MatrixAI / js-ws

Websocket Transport Library for TypeScript/JavaScript Applications
https://matrixai.github.io/js-ws/
Apache License 2.0
2 stars 0 forks source link

Extract src/websockets from Polykey to js-ws #5

Closed amydevs closed 1 year ago

amydevs commented 1 year ago

Description

This PR moves src/websockets from https://github.com/MatrixAI/Polykey to this repository. It also implements backpressure and stream multiplexing according to the spec in #2.

Issues Fixed

Tasks

Final checklist

ghost commented 1 year ago
👇 Click on the image for a new way to code review #### [![Review these changes using an interactive CodeSee Map](https://s3.us-east-2.amazonaws.com/maps.codesee.io/images/github/MatrixAI/js-ws/5/aeb63b1e/518e74468ec49064b9a389e8e390e564a9132082.svg)](https://app.codesee.io/r/reviews?pr=5&src=https%3A%2F%2Fgithub.com%2FMatrixAI%2Fjs-ws) #### Legend CodeSee Map legend
CMCDragonkai commented 1 year ago

Can this fix #2 and #4 at the same time?

tegefaulkes commented 1 year ago

We shouldn't kitchen sink PRs, Try do do them in a new PR if they're not required by changes in this one.

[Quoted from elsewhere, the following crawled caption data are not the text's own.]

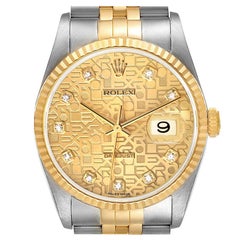 Rolex Datejust Edelstahl Gelbgold Herrenuhr 16233 Box Papiere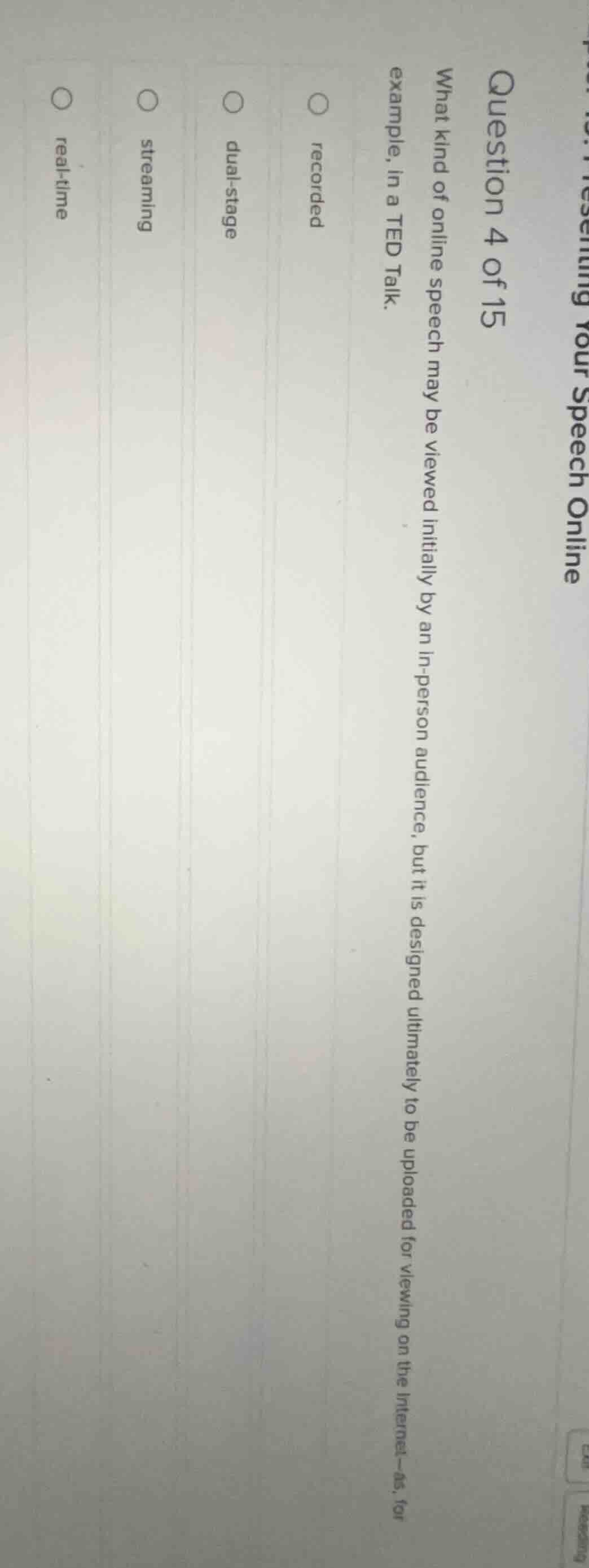 question 4 of 15 what kind of online speech may be viewed initially by …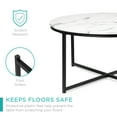 thumbnail image 6 of Best Choice Products 36in Faux Marble Modern Round Living Room Accent Coffee Table w/ Metal Frame - White/Black, 6 of 8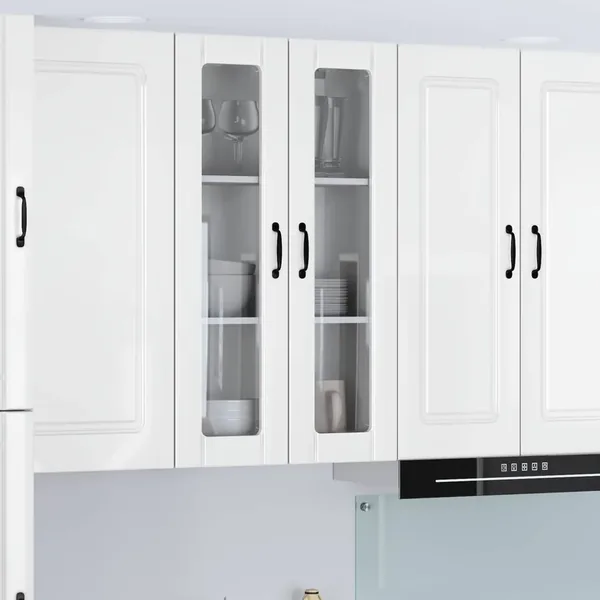 Cabinet en verre mural LUCCA Blanc brillant 60 x 31 x 100 cm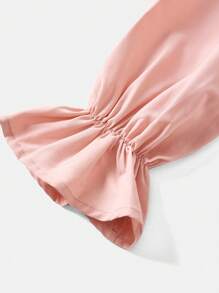 SHEIN 少女编织学院风荷叶边长袖衬衫 - 淺粉色 - 查看 5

amydevs commented 1 year ago

When we are in a node environment, we are using the ws library. In these cases, the user is able to provide a verifyCallback to verify that the server-supplied peerCert is as expected. This is done by adding an event listener to the upgrade event on a ws.WebSocket event target. This facilitates connecting the PKE backend to PolyKey nodes (using self-signed certs).

However, this event is not exposed in the window.WebSocket object that exists within browsers. There is no way to allow a self-signed certificate without user intervention within browsers, hence we should throw an error is a verifyCallback if provided in a browser environment. This facilitates connecting the PKE frontend to the PKE backend (using certs issued by a valid CA).

CMCDragonkai commented 1 year ago

Yea the browser will be considered a deficient environment. The API should look the same but we should be strict on creation where we throw errors for unimplemented features because of browser limitations.

amydevs commented 1 year ago

There will need to be new classes created, I'm in the process of doing so at the moment. Mostly WSSocket and WSConnection.

The reason for the first being that in QUIC, a QUICSocket has a one to many relationship with QUICConnection. Meanwhile, a WebSocketConnection has a one to one relationship with a ws.WebSocket or window.WebSocket. Hence, a WSSocket class needs to be created to wrap and group ws.WebSockets, emulating how a QUICSocket can have multiple connections.

This will mean that the interfaces for WSServer and WSClient need to change. These classes originally contained WebSocketStream instances, which were one-to-one with ws.WebSocket. Essentially WebSocketStream is what really the WSConnection should be, barring the ReadableWritablePair, which should be sectioned off to WSStream instead.

WSConnection will have a one-to-many relationship with WSStream by implementing muxing.

amydevs commented 1 year ago

WSSocket will be simply a container for WSConnections and ws.WebSockets.

Furthermore, the creation of WSServer should no longer be asynchronous. The start should be the real binding of the https.Server instead. Instead of creating a WebSocketStream on connectionHandler, it should be now WSConnection instead. WSConnection should parse the the ws.WebSocket received messages for the creation of WSStreams

tegefaulkes commented 1 year ago

Feel free to ask me any questions about how the WebSockets and WebStreams work, I've worked with them a fair bit.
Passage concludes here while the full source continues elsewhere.